Die Entwicklung des Ausbildungsmarktes im Jahr 2011

Joachim Gerd Ulrich, Simone Flemming, Ralf-Olaf Granath, Elisabeth M. Krekel

Im Vergleich zum Vorjahreszeitraum hat sich die Situation auf dem Ausbildungsstellenmarkt für die Jugendlichen verbessert. Das ist ein Ergebnis der Marktanalysen auf der Grundlage der Daten aus der BIBB-Erhebung über neu abgeschlossene Ausbildungsverträge zum 30.09.2011 in Verbindung mit den Daten aus der Ausbildungsmarktstatistik der Bundesagentur für Arbeit.

2011 wurden auf dem Ausbildungsmarkt 599.800 Ausbildungsplätze angeboten, 20.300 mehr als im Jahr zuvor). Insbesondere auf Seiten der Betriebe stieg das Angebot (+30.800), während die überwiegend öffentlich finanzierte außerbetriebliche Ausbildung zurückgefahren wurde (-10.500).

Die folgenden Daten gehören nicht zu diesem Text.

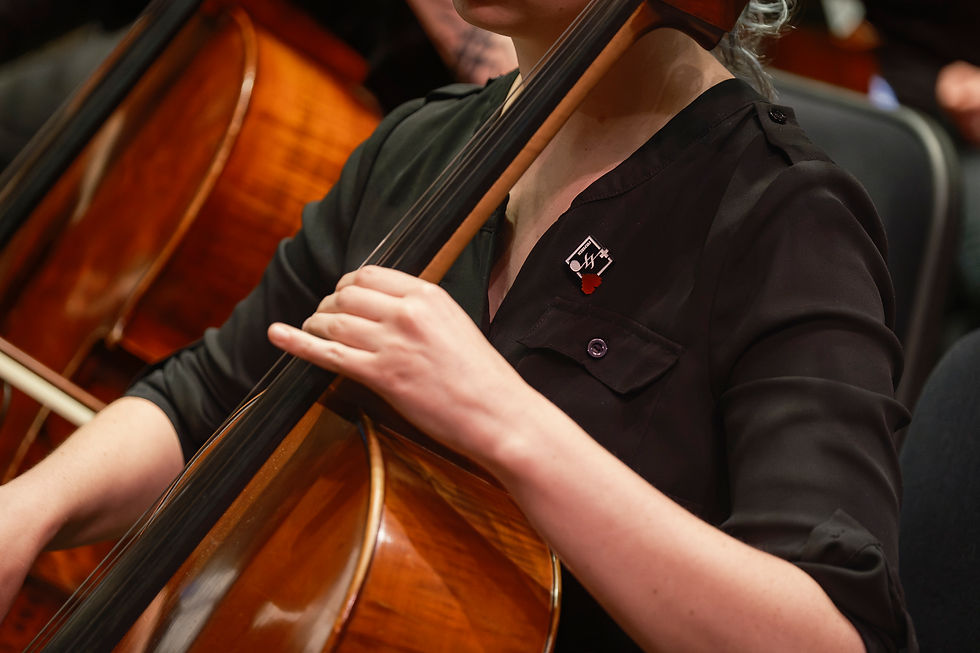 Cellist Wearing a WMGSO Pin (Spring 2025)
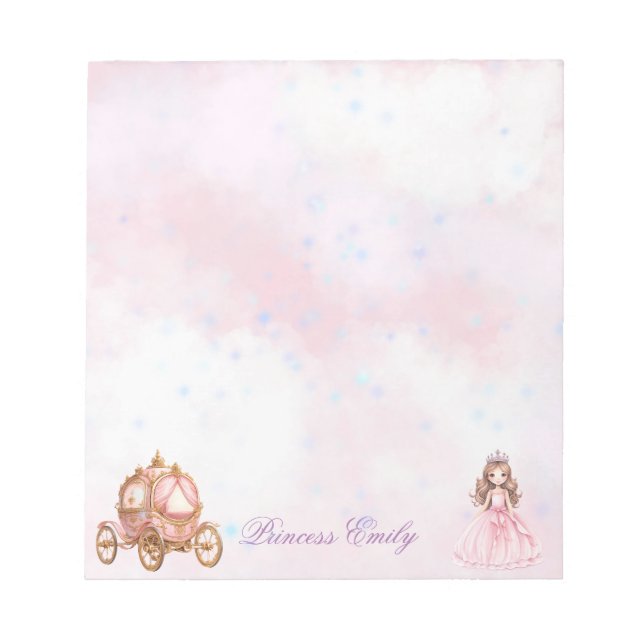 Bloco De Notas Notepad da Princesa Personalizada (Frente)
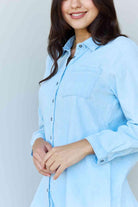 Women's Shirts Doublju Blue Jean Baby Denim Button Down Shirt Top in Light Blue
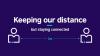 British Council image of two people at a 2 metre distance with the words keeping our distance but staying connected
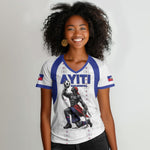 Custom Haiti Ayiti Nan Mondyal 2026 Women V-Neck T-Shirt Fyete Lit Victwa White Version
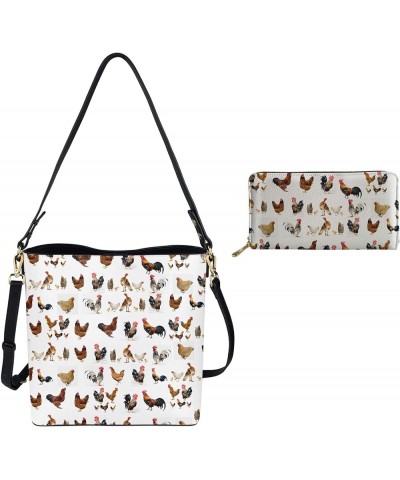 Leather Purses and Handbag for Women Bucket Bag with Wrist Wallet 2 Packs White-chicken $32.85 Totes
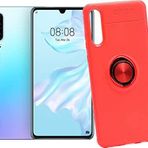 Case 4U Huawei P30 ile uyumlu Kılıf Autofocus Shockprof Ravel Yüzüklü Standlı Slikon Kapak Kırmızı HBV00000K1GOR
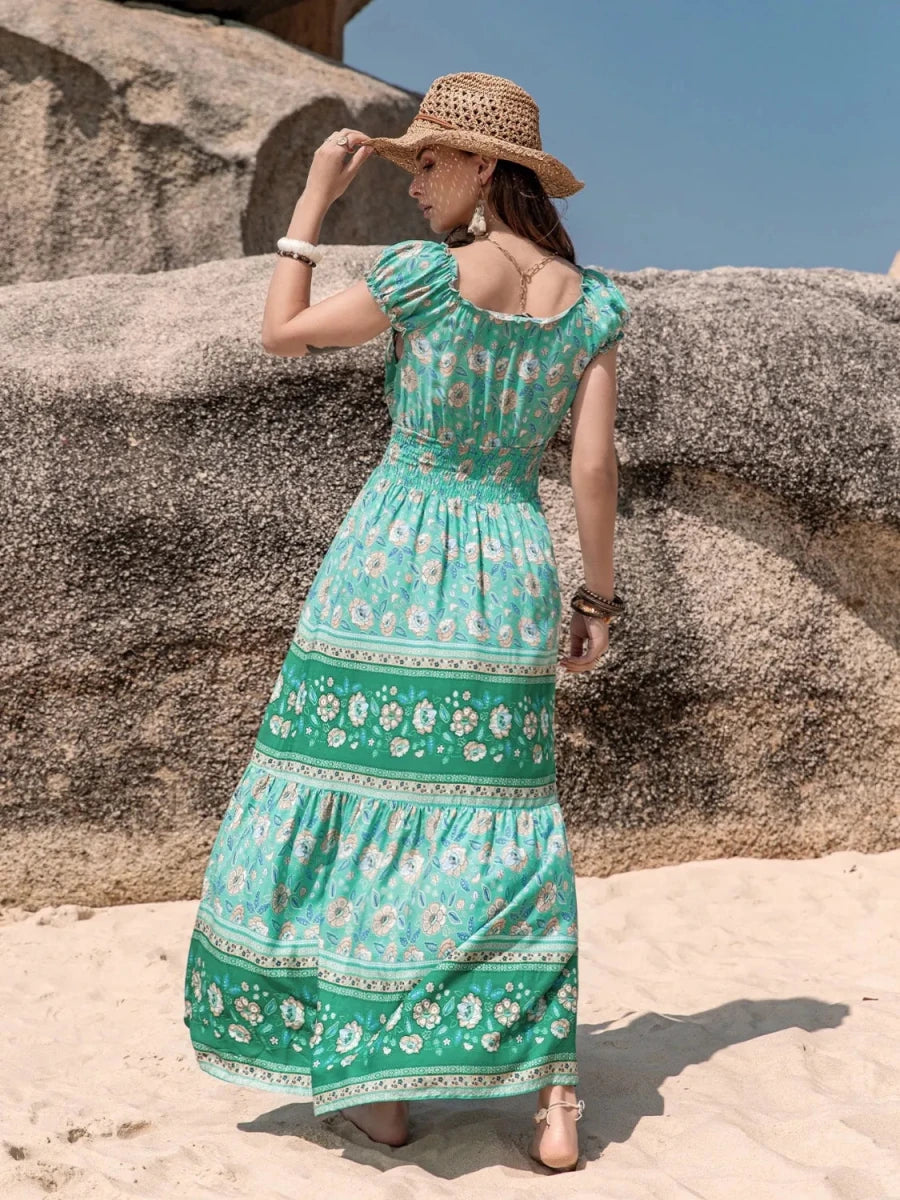 Meadow Dream Smocked Maxi - Brick + Boho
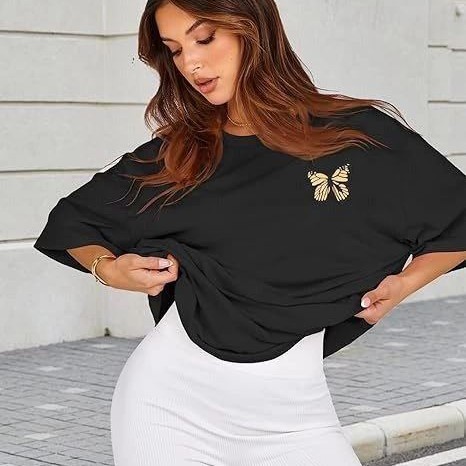 Kadın Baskılı T-Shirt Kısa Kol Bisiklet Yaka Oversize Rahat Kalıp Tişört - Siyah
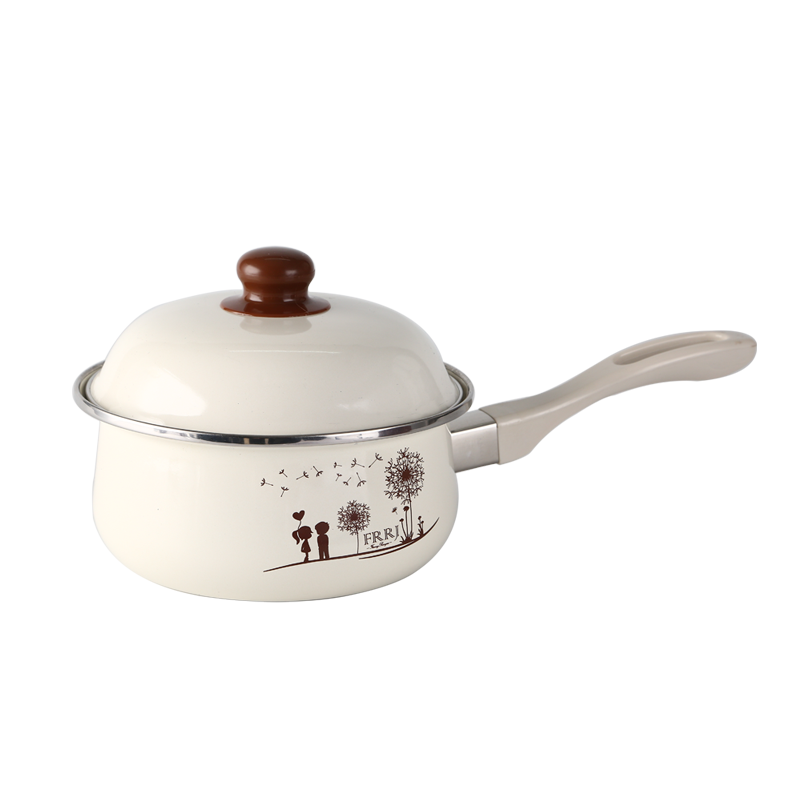 芙蓉润家搪瓷奶锅煮面条锅婴儿单柄辅食锅煮牛奶电磁炉煤气灶通用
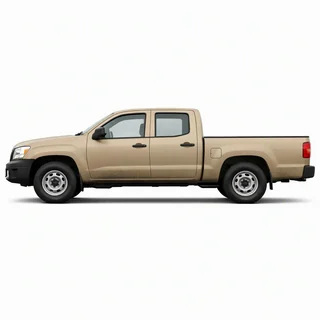 A beige pickup in full side view on a white background, both bumpers and all wheels in frame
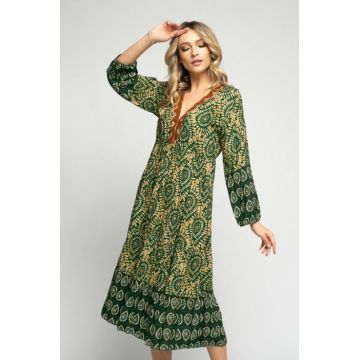 Rochie Satura midi accesorizata cu paiete in zona bustului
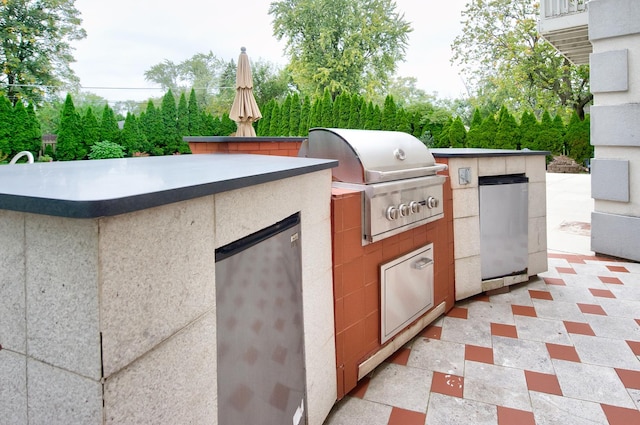 view of patio / terrace with area for grilling and a grill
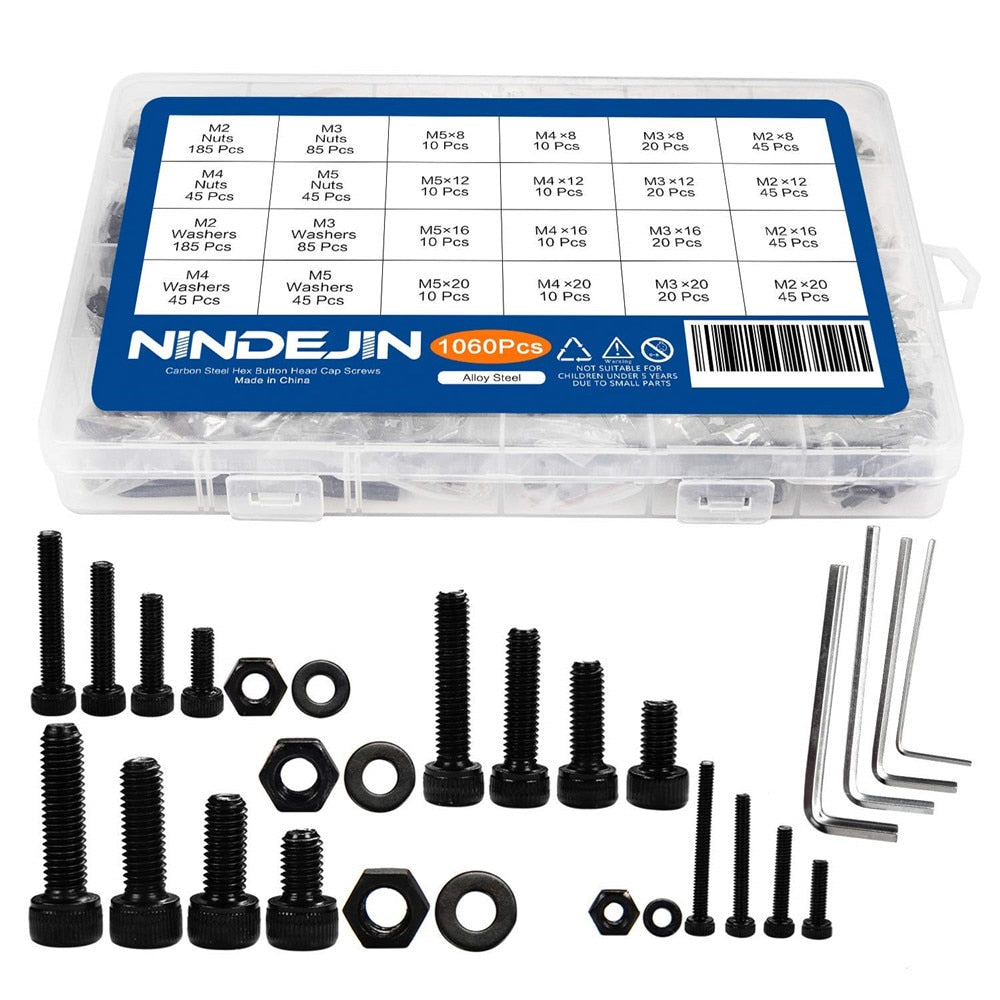 NINDEJIN  M2 M3 M4 M5 Hex Socket Screw Set Carbon Steel Flat Round Cap Head Screws Bolts and Nuts Assortment Kit with Storage Box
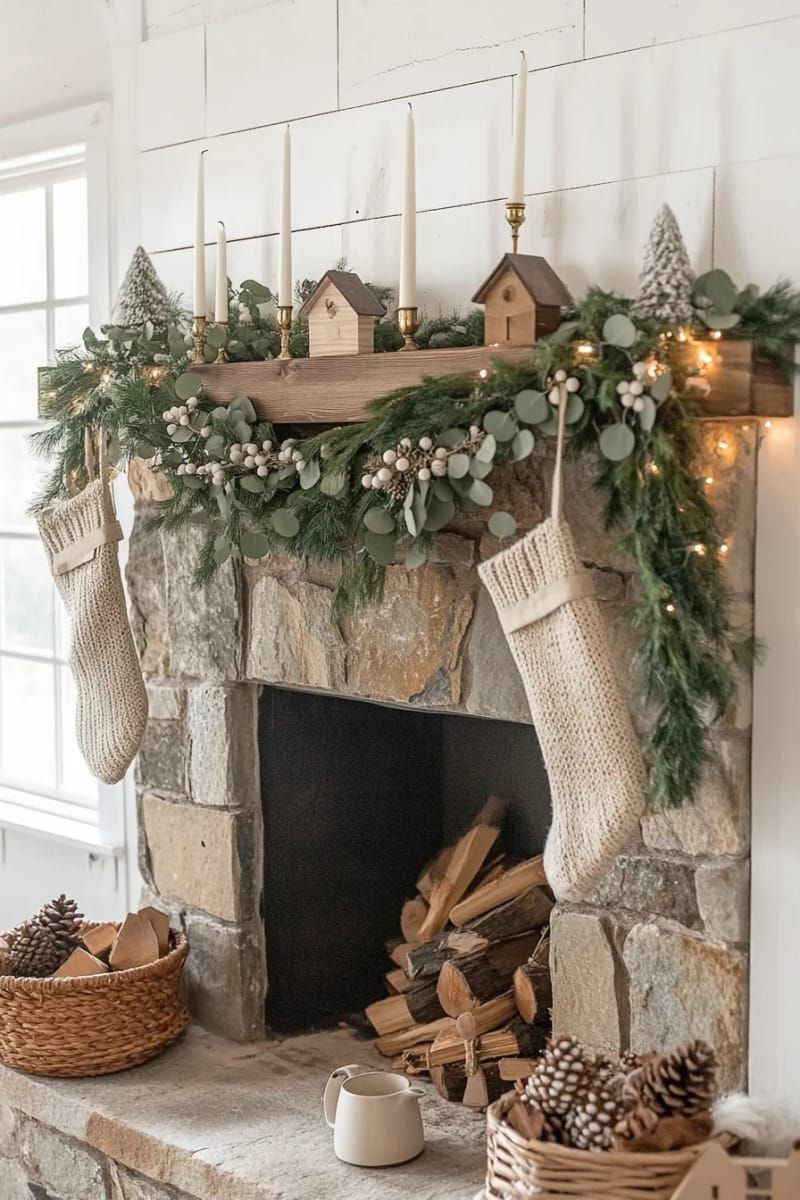 5. Eucalyptus Pine Berry Mantel Garland - photo 3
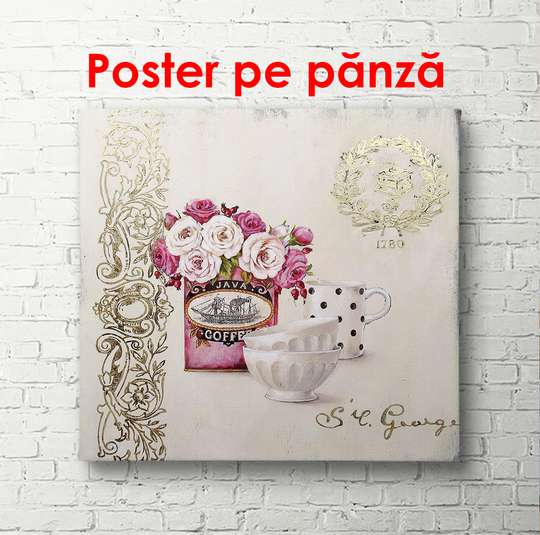 Постер - Белые чашки на фоне букета с розовыми цветами, 100 x 100 см, Постер в раме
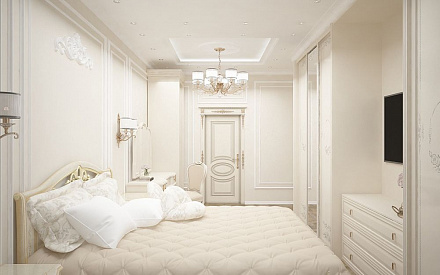 Дизайн интерьера спальни в трёхкомнатной квартире 101 кв. м в стиле классицизм 19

Dem Angebot standen 646.900 Ausbildungsplatznachfrager gegenüber, 2.300 mehr als 2010. Da das Angebot deutlich stärker stieg als die Nachfrage, verbesserten sich die Ausbildungschancen der Jugendlichen; die Angebots-Nachfrage-Relation lag mit 92,7% um 2,8 Prozentpunkte höher als 2010. Insgesamt wurden 570.100 Ausbildungsverträge abgeschlossen (+10.200). Auf Seiten der Jugendlichen waren zum Ende des Berichtsjahres 2011 immer noch 76.700 auf Ausbildungsplatzsuche (7.900 weniger als ein Jahr zuvor); die Zahl der zu diesem Zeitpunkt noch unbesetzten Ausbildungsstellen stieg um 10.100 auf 29.700.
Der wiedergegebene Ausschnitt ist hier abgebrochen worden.